The 311 Service Center is staffed with 29 call stations around Minneapolis as of 2024. With full staffing, Phelps said the goal is to make the service center more available to the community.
“We are putting in a lot of effort on how we connect into the community, especially communities that maybe don’t know we exist, or maybe don’t know how our services work,” Phelps said. “They know we’re there, but they don't know what we can do or how we can provide assistance.”
According to the presentation, 311 service centers will work with the city’s Neighborhood Community Relations (NCR) Center to ensure underrepresented areas have reliable access to 311 services.
Nicholas Ngo, a deputy director of NCR, said 311 calls serve an important service in the community.
“I would say it’s almost like a handshake from the city,” Ngo said. “A lot of folks do have questions about what city services and programs are, so their first stop is calling 311, and the agents do a great job in terms of guiding them to those respective city departments or providing them with information.”

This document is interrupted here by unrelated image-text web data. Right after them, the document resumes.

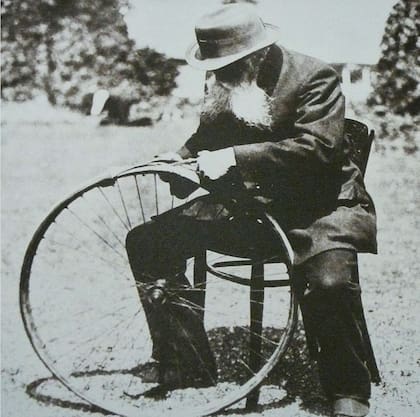 El veterinario John Dunlop creó la primera cámara de aire de la historia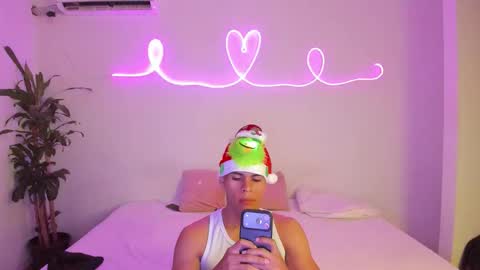 shark_boy21 online show from November 30, 12:36 am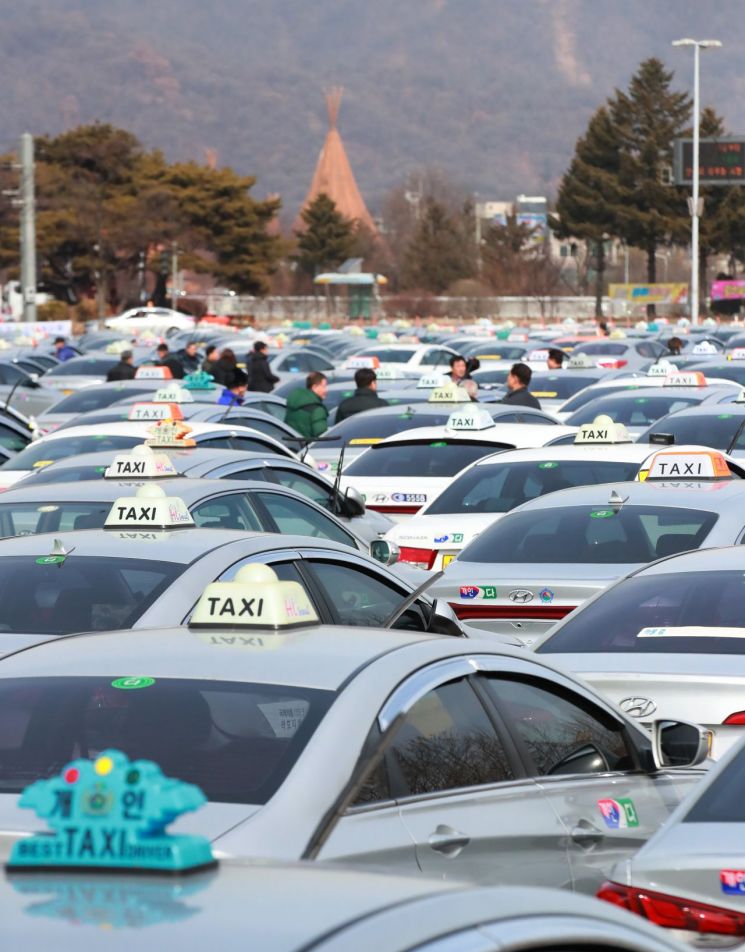 연말연시 개인택시 공급 늘리고 심야택시 '승차거부' 단속 강화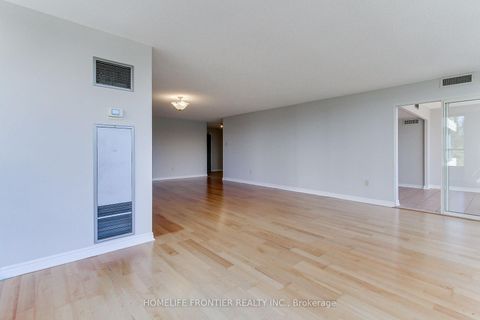 Photo 15 at 411 - 7300 Yonge Street, Yorkhill, Vaughan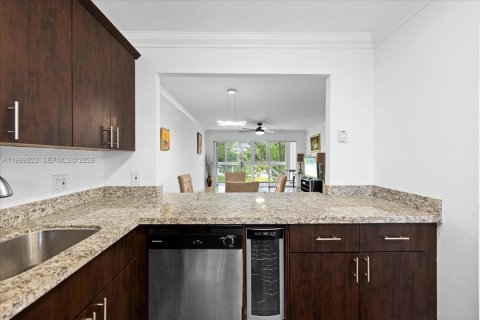 Купить кондоминиум в Тамарак, Флорида 2 спальни, 95.22м2, № 2065785 - фото 21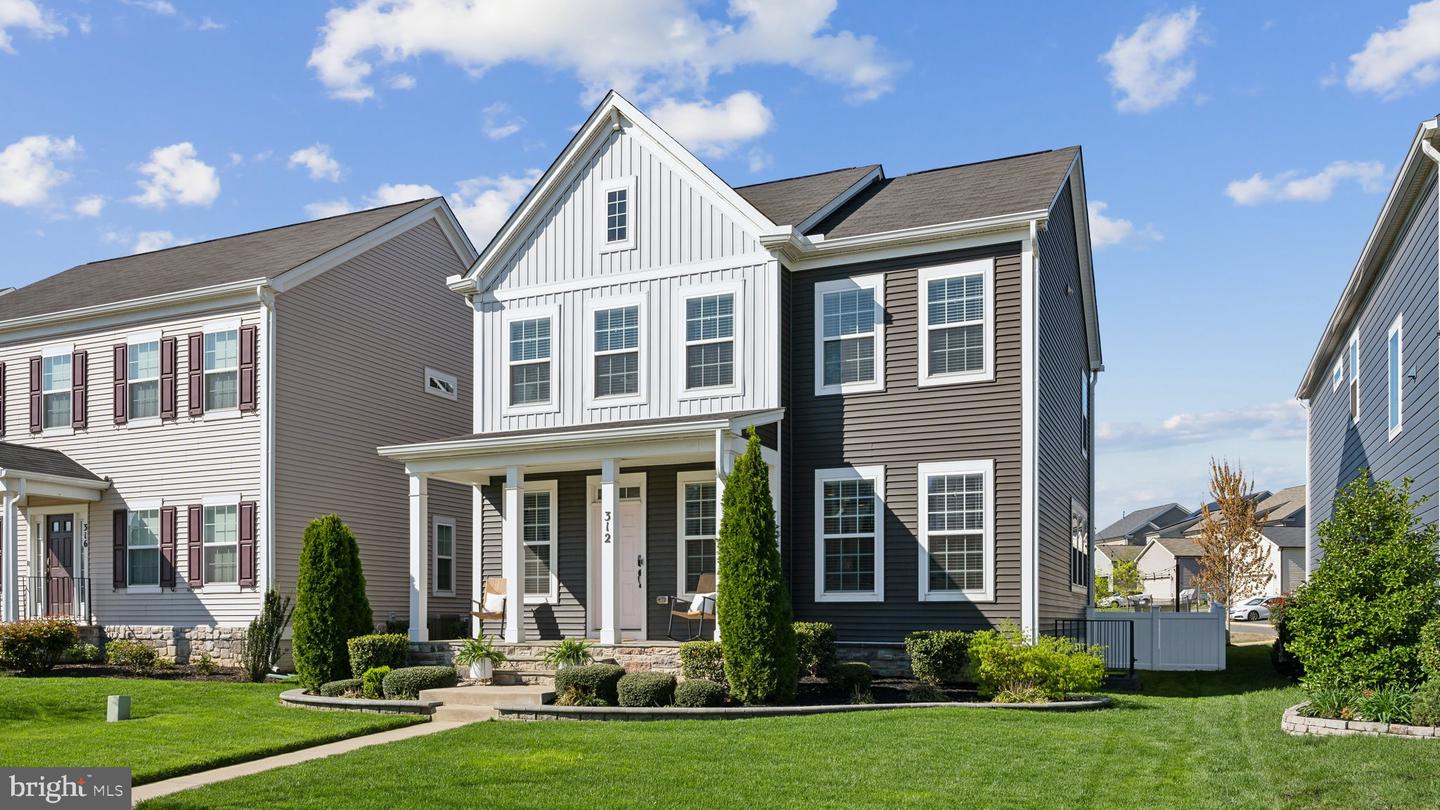 312 BOXELDER DR, STAFFORD, Virginia 22554, 5 Bedrooms Bedrooms, ,3 BathroomsBathrooms,Residential,For sale,312 BOXELDER DR,VAST2037678 MLS # VAST2037678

For NCR, the department hopes to collaborate with 311 service centers to expand access to non-English speakers. Going forward, Phelps and Ngo said the main goal of 311 and the NCR is community outreach and improving services.
“Our partnership with 311 is making sure that we can set up those interactions in any language,” Ngo said. “We have a lot of work in terms of respective language lines that are predominantly Spanish or an interactive voice recognition body of work where those respective languages have pre-dial options that folks can select from.”